**Prompt:** The lines in the listing below are to be given again exactly, starting at the line holding "cropped shot of" and ending at the line holding "Background with flowers, post". Do not include pictures.

**Exercise materials:**
▼▼▼
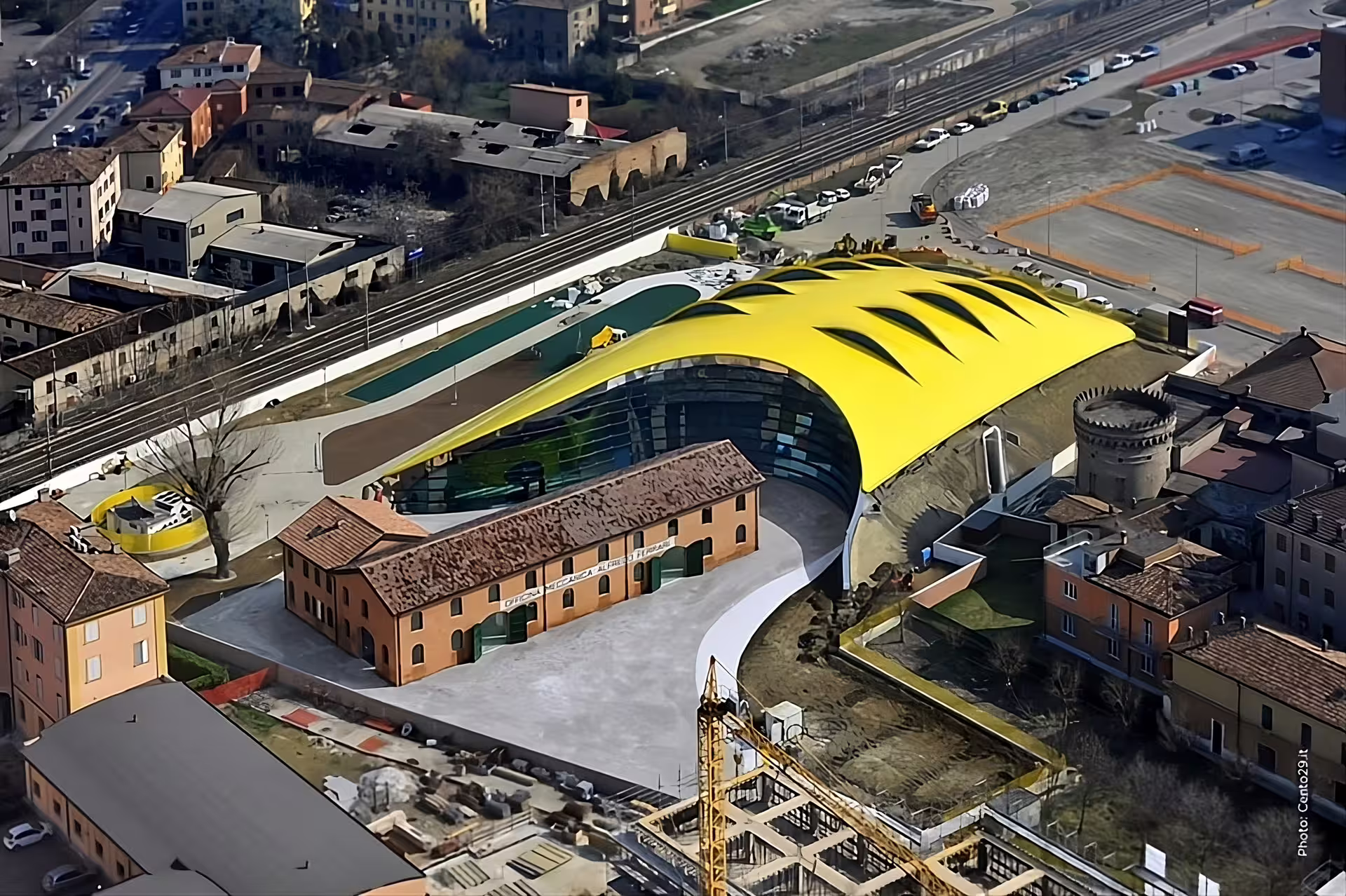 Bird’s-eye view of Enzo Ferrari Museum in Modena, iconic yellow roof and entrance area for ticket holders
▲▲▲
▼▼▼
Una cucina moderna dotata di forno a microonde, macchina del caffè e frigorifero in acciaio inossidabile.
▲▲▲
▼▼▼
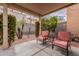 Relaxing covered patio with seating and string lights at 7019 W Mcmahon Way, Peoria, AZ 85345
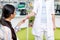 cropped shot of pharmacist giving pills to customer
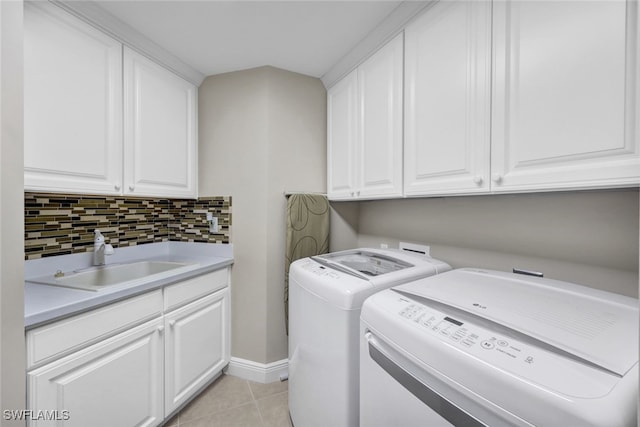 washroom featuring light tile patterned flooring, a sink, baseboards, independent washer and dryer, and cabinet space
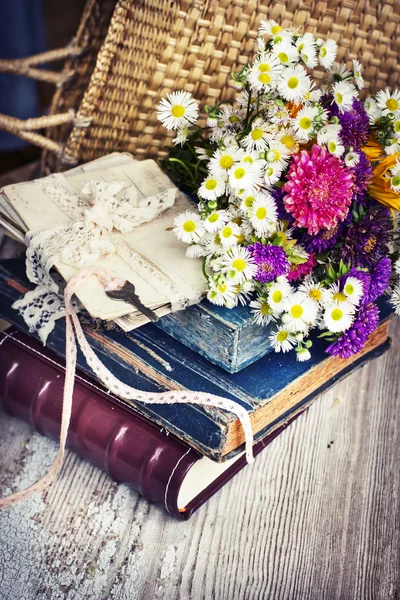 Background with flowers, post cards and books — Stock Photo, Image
▲▲▲
**Result of the task:**
 cropped shot of pharmacist giving pills to customer
 washroom featuring light tile patterned flooring, a sink, baseboards, independent washer and dryer, and cabinet space
 Background with flowers, post cards and books — Stock Photo, Image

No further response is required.